At first sight the structural approach, used before by people like Ezra Pound and Czeslaw Milosz, appears intriguing. It allows for disquisitions on large thematic motifs. Unfortunately, it takes no time to realize this is a hodgepodge of material previously published in newspapers and magazines that has been assembled here abruptly and without clearheadedness. On freedom, for instance, Fuentes says: ''Whether we consider freedom to be absolute free will, or circumscribed to heritage, nature, inevitability, or chance, the mere mention of the word is already an act of hope." Or is it? Try to decipher the enigma wrapped in this sentence and you'll find out it is . . . well, hopeless.
Then there is the chapter on Shakespeare. Has Fuentes actually read the Bard? He starts by comparing Hamlet to Don Quixote (Harold Bloom has already done it) but quickly falls off the tracks, choosing to dispense opinions on a handful of recent Shakespeare-based movies and the work by Ralph Fiennes in ''Richard II" and ''Coriolanus." Is one supposed to approach the plays through their interpretation on the large screen? Fuentes doesn't answer the question.

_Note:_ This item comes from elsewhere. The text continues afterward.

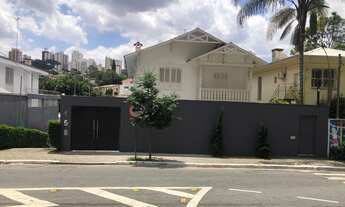 Imagem 1: Casa 9 salas próximo ao Samaritano excelente para centro clínico, escola ou escritório. OP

When it comes to reading, Fuentes lets us know he wants people to read. And so he offers odes to a growing public. ''Let the book, even as it is being commercialized, transcend commerce," he states. And, ''The book tells us that our lives are a repertory of possibilities that transform desire into experience and experience into destiny." Is this the antidote to the dismaying news, announced by the National Education Association last year, that readers are an endangered species? If so, I now understand why.
I was a Fuentes devotee years ago. What drew me away from him, primarily, was his incapacity to mature as an artist. His early novels -- say ''Aura" and ''The Death of Artemio Cruz" -- are so similar in tone and tune to his latest work as to appear contemporaneous. Fuentes started as an enfant terrible, and in his oeuvre he has tackled with gusto his country's troubled modernity. But his flashiness has grown monotonous, and so has his name-dropping. He writes with broad strokes. His characters are cartoons, incapable of insight.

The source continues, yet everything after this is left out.